4) Your stated areas of interest, academically, are colonial and post-colonial religion, particularly colonial North America and the impact on indigenous peoples. May I ask where the interest in Aboriginal peoples/cultures came from?

I had completed half of an undergraduate degree when I returned to university in my later twenties to complete the degree. I was attending the University College of Cape Breton, and quickly found myself making friends with other non-traditional students who were Mi’kmaq, from Eskasoni First Nation.

My interest in religion as colonial discourse was sparked by a visiting professor from Syracuse University at that time, and somehow issues relating to colonial and postcolonial relations among Aboriginal and non-aboriginal peoples and the interest in the study of religion just seemed to start moving in tandem with one another.

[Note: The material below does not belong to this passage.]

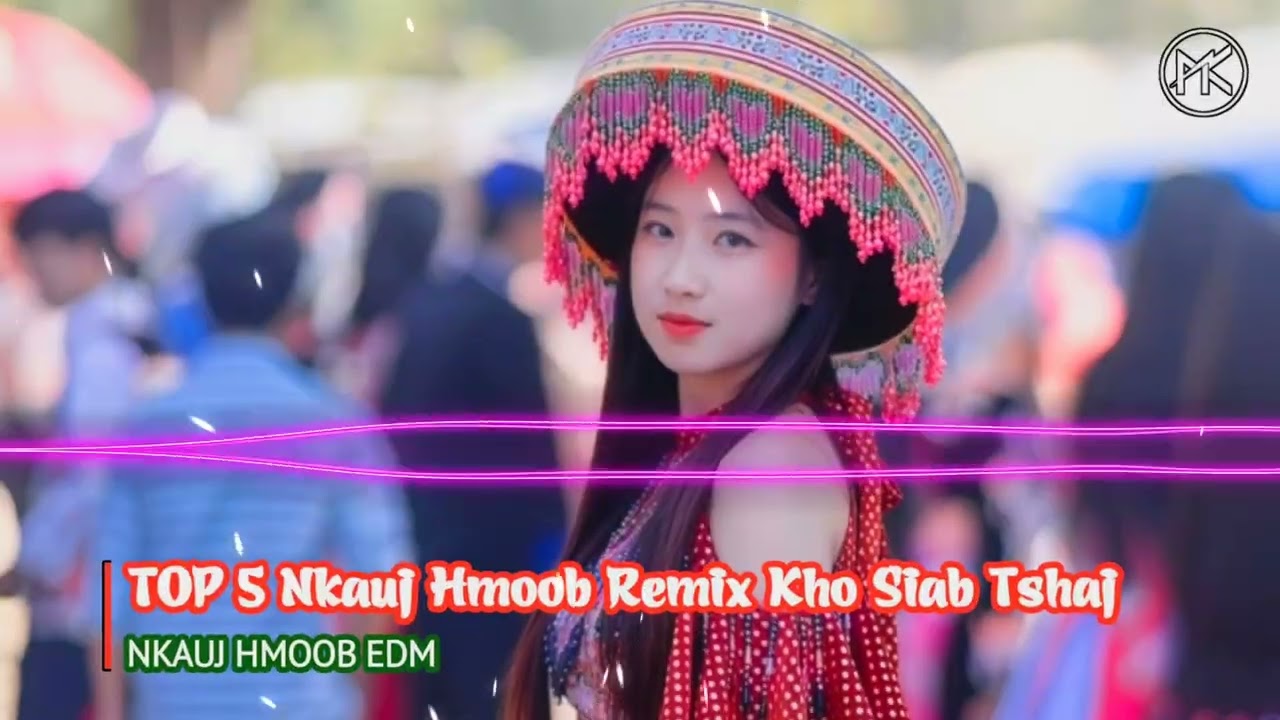 TOP 5 Nkauj Hmoob Remix Kho Siab Tshaj | Ib Ntsais Muag Neej Puas Tag Remix | Nkauj Hmoob EDM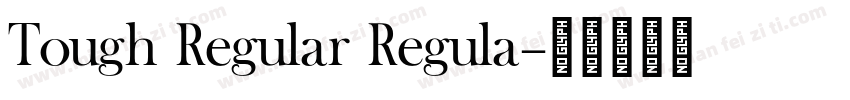Tough Regular Regula字体转换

I ended up going to study at Syracuse with Charles H. Long, an eminent historian of religion, whose methodology suited that interest to a T.

5) Tell me a bit about Religion, Writing, and Colonial Resistance: Mathias Carvalho’s Louis Riel and how this book was the natural next step after writing Louis Riel and the Creation of Modern Canada.

Funny as it sounds, it was kind of a spill-over from the bigger book. I had been reading everything I could get my hands on about Riel for a number of years, and the Carvalho poem was part of that. It didn’t really have a place in Louis Riel, so I decided to let it stand on its own in a smaller volume.

8) What’s next for you? What are you working on now?

I’ve been working on intersections of religion, law, and Aboriginal rights the past couple of years. I recently published an article in Canadian Journal of Native Studies on the doctrine of discovery (one of the oldest principles of modern international law) and Canadian constitutional law. I have a couple of other projects I’m currently working on that are situated in the same area of concern.